RNA isolation, real-time reverse transcription-PCR, and immunoblotting. RNA was isolated and quantitative reverse transcription-PCR (RT-PCR) done in the ABI Prism 7900HT Sequence Detection System from Applied Biosystems (Foster City, CA) as described (11). Primers used for CD24 were forward, 5'-CAATATTAAATCTGCTGGAGTTTCATG-3' and reverse, 5'-TCCATATTTCTCAAGCCACATTCA-3'. Our immunoblotting and detection protocol was employed as described (5), probing for CD24 (antibody SWA11, a gift of Dr. Peter Altevogt, Tumor Immunology Programme, German Cancer Research Center, Heidelberg, Germany), tubulin (Calbiochem, La Jolla, CA), or RalA and RalB (BD PharMingen, San Diego, CA).

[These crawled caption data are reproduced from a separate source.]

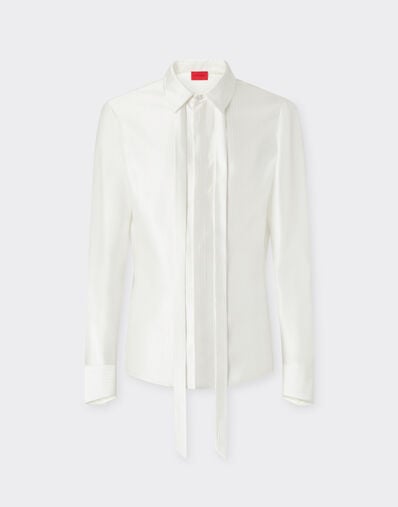 Ferrari Satin shirt with micro-stripe pattern Ivory 49929f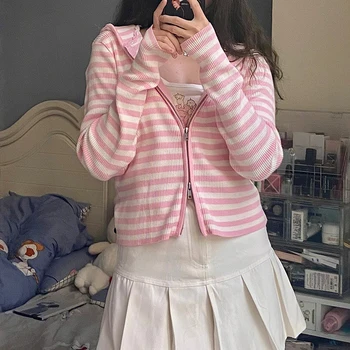 Primăvara 2023 Roz Cardigane Femei Cu Dungi Tricotate Bluze Cu Maneci Lungi Cu Fermoar Subțire Elastic Pulover Cu Gluga Harajuku Kawaii Haine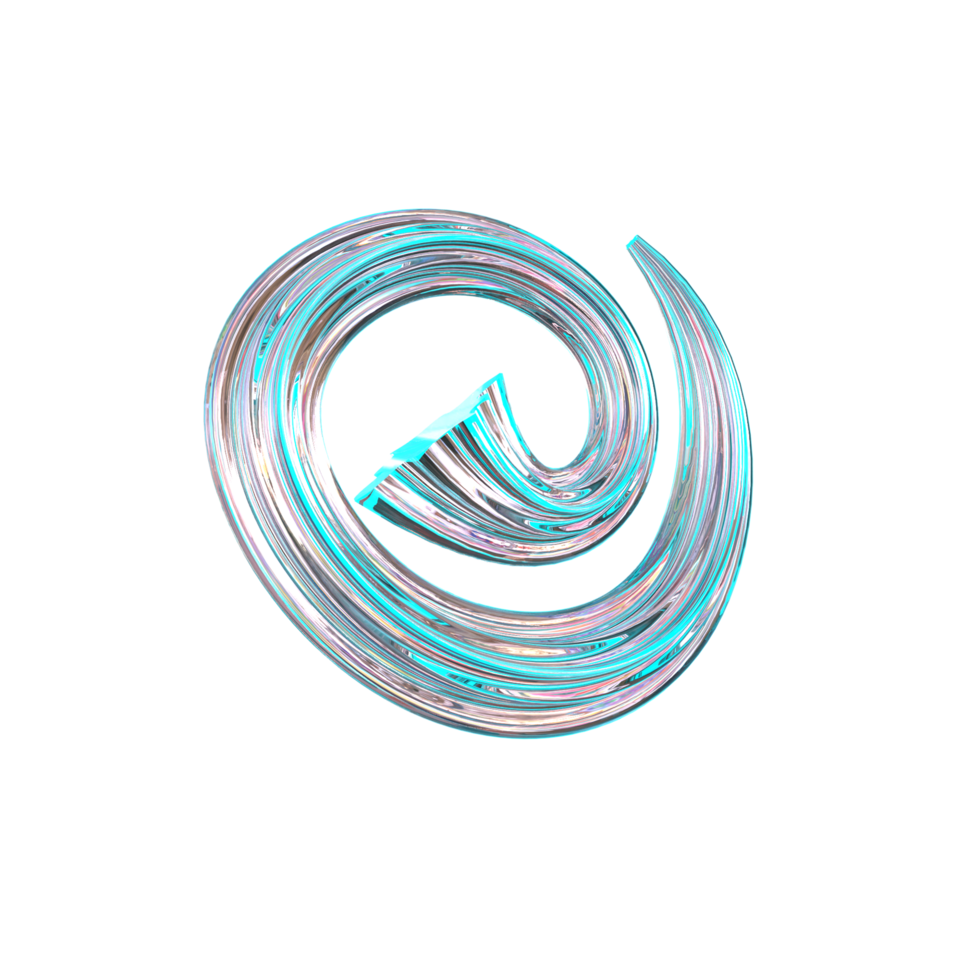 3D illustration Holographic Abstract Shape png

Human tissue microarray analysis and immunohistochemistry. Our oligonucleotide microarray analysis of 23 human bladder carcinomas and control tissues has been described previously (11). Gene expression data from the Lenberg et al. oligonucleotide microarray series of normal kidney and renal cell carcinomas (12) and the Chen et al. cDNA array study of normal liver and hepatocellular carcinoma (13) are publicly available. The human bladder cancer tissue microarray and our immunohistochemistry methods have been described (14). Anti-CD24 (monoclonal; clone 24CO2; 1:100 dilution; Lab Vision, Fremont, CA) was applied to tissue microarray sections for 1 hour at room temperature. CD24 expression scoring was 0, 1+ (<10% positive cells), 2+ (10-50% positive cells), and 3+ (>50% positive cells). This was carried out by one pathologist (H.F.F.) blinded to patient outcome.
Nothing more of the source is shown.